Line by line, repeat the material below exactly and skip the images.

■ **Collected data**:
********

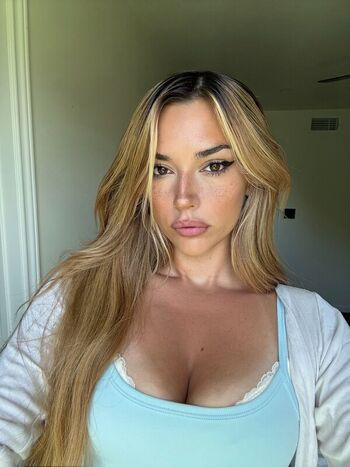 Full leaked Ureo private onlyfans photo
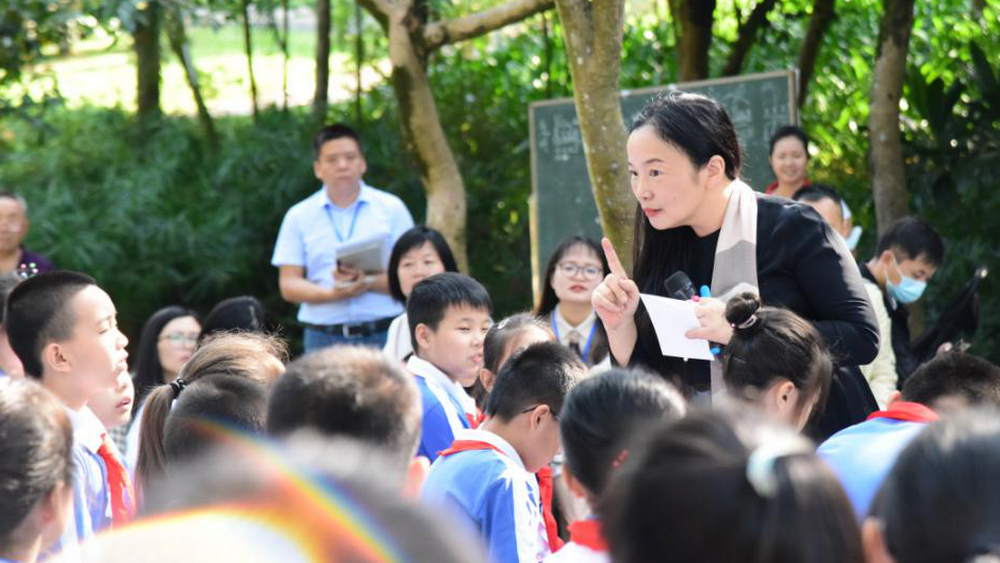 這是兒童的節(jié)日，更是對(duì)成年人的提醒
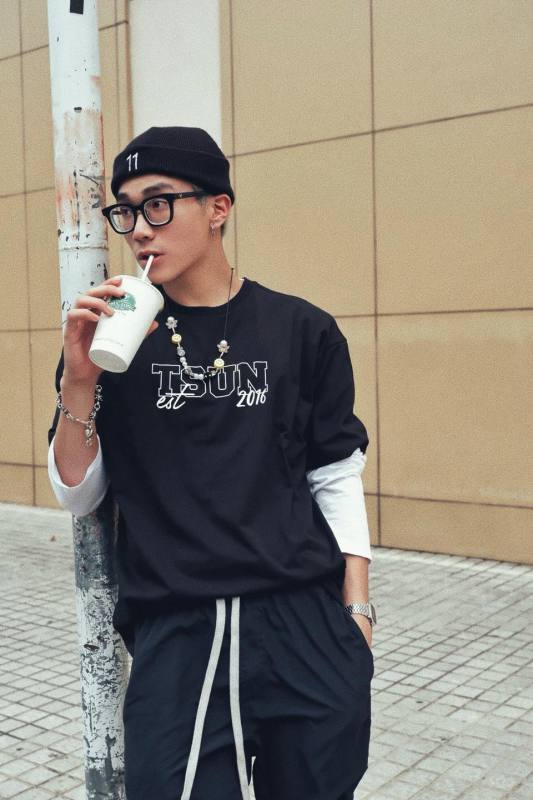 Áo thun TSUN Sig 2 - Black unisex nam nữ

********

■ **Problem solution**:
 Full leaked Ureo private onlyfans photo
 這是兒童的節(jié)日，更是對(duì)成年人的提醒
 Áo thun TSUN Sig 2 - Black unisex nam nữ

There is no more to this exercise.